Fraud Flows Use Cases
  • Account Recovery Verification: Confirm a user’s risk profile during password reset and recovery workflows before allowing sensitive account changes.

  • Customer Support User Verification: Send a verification link during support interactions to validate a user before discussing account details or performing account actions.

  • Account Registration & Onboarding: Reduce fake signups by running checks in the background (proxy risk, device signals, email and phone validation) and escalating to stronger verification only when needed.

  • High-Risk Account Actions: Add verification steps before actions like changing a password, updating an email or phone number, enabling 2FA, or updating payout and billing details.

  • Identity Verification (KYC-Style Checks): Use ID + selfie verification for workflows that require stronger identity assurance, such as financial access, marketplaces, or regulated user actions.

  • Applications & Form-Based Workflows: Build a full application experience directly in Fraud Flows using custom form elements (such as university applications, eligibility checks, or internal approval workflows) without building a separate front-end form system.

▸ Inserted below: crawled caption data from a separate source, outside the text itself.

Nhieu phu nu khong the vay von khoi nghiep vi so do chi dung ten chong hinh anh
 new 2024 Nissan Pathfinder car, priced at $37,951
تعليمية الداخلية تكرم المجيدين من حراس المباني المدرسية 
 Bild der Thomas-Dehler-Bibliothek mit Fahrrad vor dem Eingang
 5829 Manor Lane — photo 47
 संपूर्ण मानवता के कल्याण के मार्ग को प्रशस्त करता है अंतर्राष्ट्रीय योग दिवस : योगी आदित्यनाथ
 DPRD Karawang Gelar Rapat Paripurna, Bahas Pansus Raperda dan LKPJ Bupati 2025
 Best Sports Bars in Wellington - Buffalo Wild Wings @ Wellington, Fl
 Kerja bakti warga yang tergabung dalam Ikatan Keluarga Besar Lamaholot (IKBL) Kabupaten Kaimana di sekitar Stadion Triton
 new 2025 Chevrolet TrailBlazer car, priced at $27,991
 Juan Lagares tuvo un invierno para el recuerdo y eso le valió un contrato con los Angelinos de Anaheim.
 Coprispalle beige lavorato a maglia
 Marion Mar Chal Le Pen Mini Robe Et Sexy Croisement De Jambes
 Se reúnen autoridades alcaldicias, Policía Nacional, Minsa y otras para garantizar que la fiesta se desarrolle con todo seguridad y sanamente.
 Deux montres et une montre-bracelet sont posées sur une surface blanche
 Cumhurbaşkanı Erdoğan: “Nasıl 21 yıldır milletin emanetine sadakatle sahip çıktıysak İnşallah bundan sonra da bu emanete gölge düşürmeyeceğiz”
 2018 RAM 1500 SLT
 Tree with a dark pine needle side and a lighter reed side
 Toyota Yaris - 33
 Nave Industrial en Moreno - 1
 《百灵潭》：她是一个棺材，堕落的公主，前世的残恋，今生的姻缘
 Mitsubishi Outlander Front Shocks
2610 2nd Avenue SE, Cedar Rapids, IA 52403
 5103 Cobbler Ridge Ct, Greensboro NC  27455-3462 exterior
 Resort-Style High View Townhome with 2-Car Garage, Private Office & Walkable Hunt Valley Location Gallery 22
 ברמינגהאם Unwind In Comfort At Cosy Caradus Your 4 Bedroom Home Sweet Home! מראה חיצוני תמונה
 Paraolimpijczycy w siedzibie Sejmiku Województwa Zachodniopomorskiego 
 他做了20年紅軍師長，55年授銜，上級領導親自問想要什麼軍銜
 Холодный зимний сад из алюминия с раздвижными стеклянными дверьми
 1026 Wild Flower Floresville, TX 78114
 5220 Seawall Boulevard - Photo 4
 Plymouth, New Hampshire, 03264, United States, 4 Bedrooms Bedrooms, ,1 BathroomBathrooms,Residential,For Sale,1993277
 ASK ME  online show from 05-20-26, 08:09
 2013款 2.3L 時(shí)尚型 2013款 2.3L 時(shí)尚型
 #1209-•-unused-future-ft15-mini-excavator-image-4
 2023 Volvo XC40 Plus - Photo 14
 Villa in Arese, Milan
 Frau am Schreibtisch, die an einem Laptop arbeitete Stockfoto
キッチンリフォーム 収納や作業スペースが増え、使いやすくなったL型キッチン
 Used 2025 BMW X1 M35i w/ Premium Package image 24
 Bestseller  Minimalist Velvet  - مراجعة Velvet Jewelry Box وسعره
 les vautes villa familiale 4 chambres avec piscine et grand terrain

  • Manual Review & Escalation Paths: Trigger a Fraud Flow link when a user trips internal risk rules, allowing you to collect additional verification signals before approving, denying, or routing to manual review.

  • Promotions & Abuse Prevention: Validate users during coupon redemption, free trials, referrals, and other high-abuse events where fraudsters commonly create duplicate or automated submissions.
Creating a Fraud Flow
  1. Log into the IPQS dashboard.

  2. In the navbar on the left, select Fraud Flows.

  3. Click New Flow.

  4. Select the first validation step for your flow. We recommend starting and ending your flow with Form Page steps. Use the first to explain what the user will do, and the last to confirm the verification is complete.
    • Form Page
    • Proxy/VPN
    • Device Fingerprint
    • Phone Validation
    • ID Verification

  5. Most validation steps do not require any configuration. However, the Form Page step requires you to design the form.
    1. Click Add Field.
    2. From the Type menu, select the type of field (e.g., "Text Field", "Email Field").
    3. If applicable, enter a name for the field and a placeholder value. For example, you could name an email field "Your email address" and give it a default value of "user@example.com".

  6. To add additional steps to the flow, click Add Step.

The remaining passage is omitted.